▸ **EXERCISE DIRECTIONS**: Copy out the lines beginning at the one with "#أدم_للتعليم_الأساسي" and ending at the last line of the data, both included; pictures stay out.

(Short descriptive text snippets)
★ ★ ★ ★
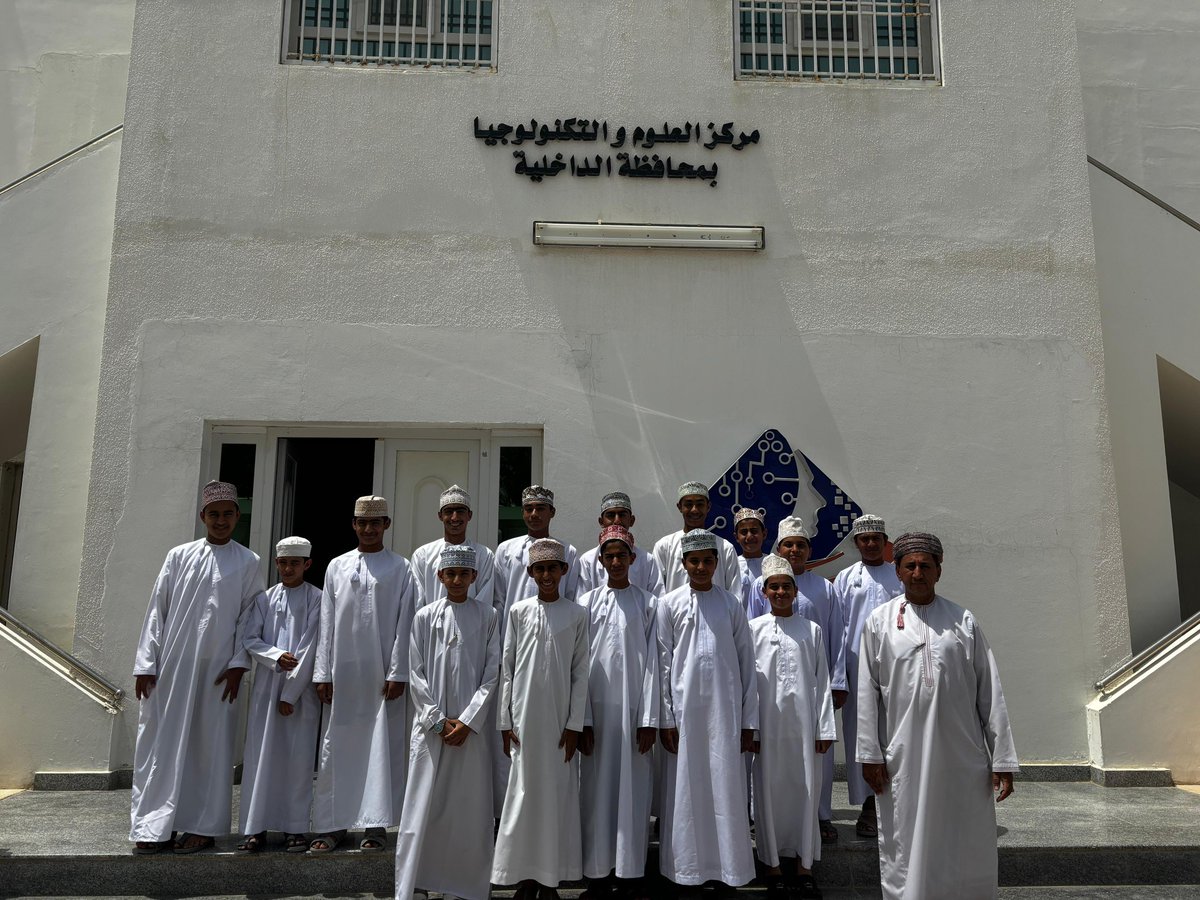 نظم اخصائي الأنشطة المدرسية أ.حمود البوسعيدي لطلبة الإذاعة المدرسية زيارة ميدانية إلى مركز العلوم والتكنولوجيا بالرويشية،
بهدف الاطلاع على احدث التقنيات والابتكارات العلمية التي تعزز التعلم التفاعلي وتثري التجربة التعليمية.
#أدم_للتعليم_الأساسي 
#تعلم_مستدام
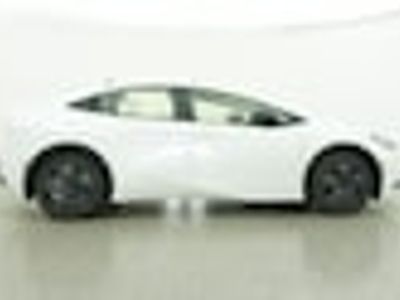 2026 Toyota Prius LE Hatchback — photo 43 view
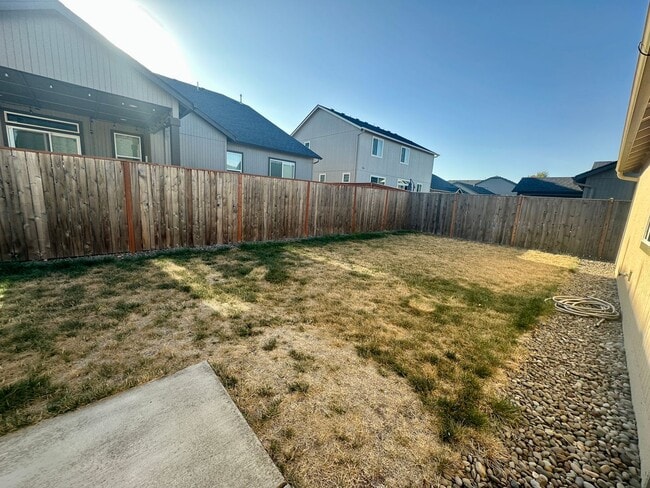Building Photo - Newly built (2019) single-family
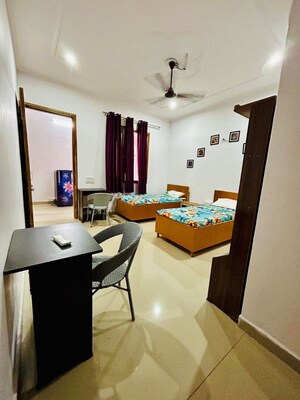 Room in  Pg at Sector 11 – for Rent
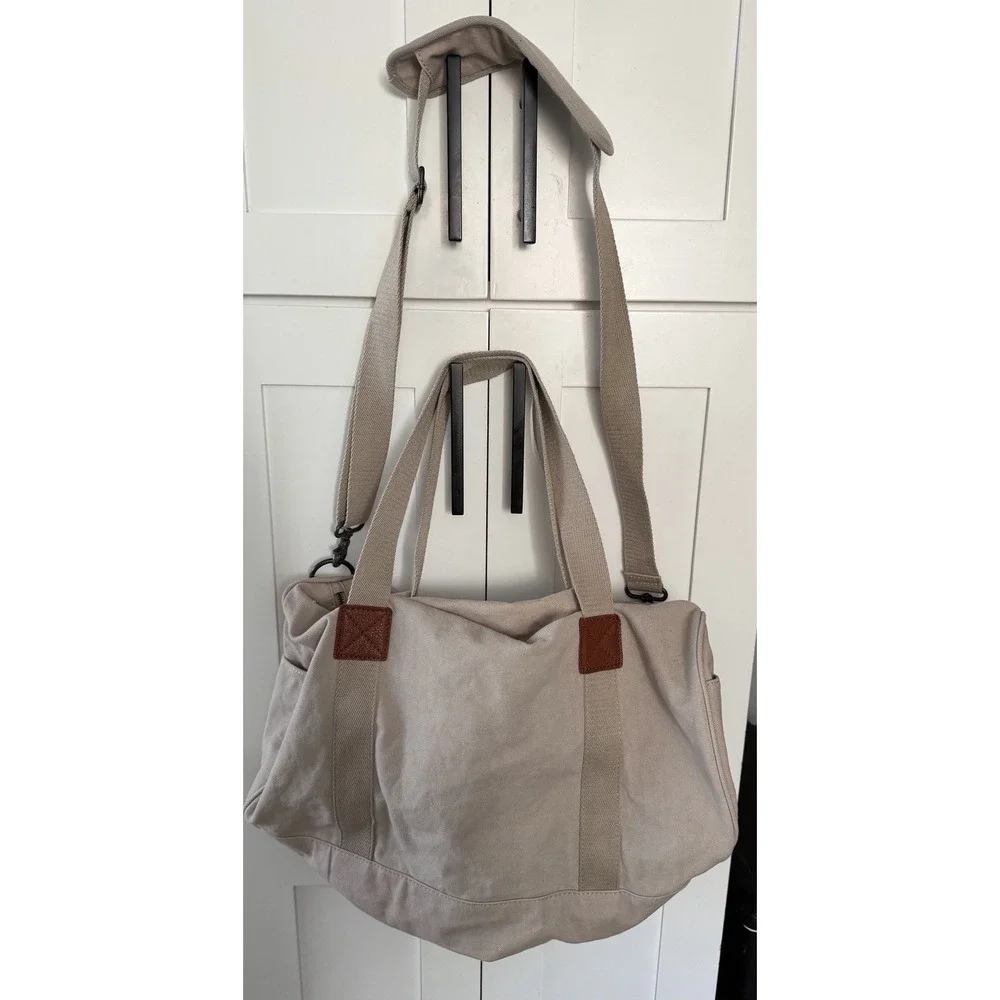 Guinness Nitro IPA Tan Canvas Duffle‎ Bag Strap Handles Alternative Travel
★ ★ ★ ★
▸ **ANSWER TO THIS PROBLEM**:
#أدم_للتعليم_الأساسي 
#تعلم_مستدام
 2026 Toyota Prius LE Hatchback — photo 43 view
Building Photo - Newly built (2019) single-family
 Room in  Pg at Sector 11 – for Rent
 Guinness Nitro IPA Tan Canvas Duffle‎ Bag Strap Handles Alternative Travel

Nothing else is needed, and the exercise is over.